Records for the exercise:
—————

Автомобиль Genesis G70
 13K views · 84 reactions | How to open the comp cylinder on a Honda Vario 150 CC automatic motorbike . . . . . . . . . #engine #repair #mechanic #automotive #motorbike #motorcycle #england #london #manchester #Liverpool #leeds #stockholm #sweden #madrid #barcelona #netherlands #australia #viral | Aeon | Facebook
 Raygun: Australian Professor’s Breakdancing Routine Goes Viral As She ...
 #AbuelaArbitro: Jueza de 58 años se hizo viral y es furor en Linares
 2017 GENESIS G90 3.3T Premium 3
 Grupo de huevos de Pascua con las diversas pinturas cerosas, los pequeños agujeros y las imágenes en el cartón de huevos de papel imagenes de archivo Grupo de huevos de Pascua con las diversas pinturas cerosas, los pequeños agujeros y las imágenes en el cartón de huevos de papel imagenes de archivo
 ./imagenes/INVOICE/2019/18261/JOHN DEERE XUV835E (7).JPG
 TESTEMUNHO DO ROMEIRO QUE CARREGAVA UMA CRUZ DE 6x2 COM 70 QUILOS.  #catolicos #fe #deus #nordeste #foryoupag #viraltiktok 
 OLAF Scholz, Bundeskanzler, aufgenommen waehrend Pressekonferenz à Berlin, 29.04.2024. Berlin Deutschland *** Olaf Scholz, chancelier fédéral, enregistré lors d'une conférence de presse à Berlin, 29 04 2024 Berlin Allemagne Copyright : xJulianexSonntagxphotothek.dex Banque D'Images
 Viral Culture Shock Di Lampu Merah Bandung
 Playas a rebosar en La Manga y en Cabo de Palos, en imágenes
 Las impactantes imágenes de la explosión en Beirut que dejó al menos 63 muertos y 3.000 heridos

—————

What is required: Select every line of the records holding the string "imagenes".

Answer for this exercise:
 Grupo de huevos de Pascua con las diversas pinturas cerosas, los pequeños agujeros y las imágenes en el cartón de huevos de papel imagenes de archivo Grupo de huevos de Pascua con las diversas pinturas cerosas, los pequeños agujeros y las imágenes en el cartón de huevos de papel imagenes de archivo
 ./imagenes/INVOICE/2019/18261/JOHN DEERE XUV835E (7).JPG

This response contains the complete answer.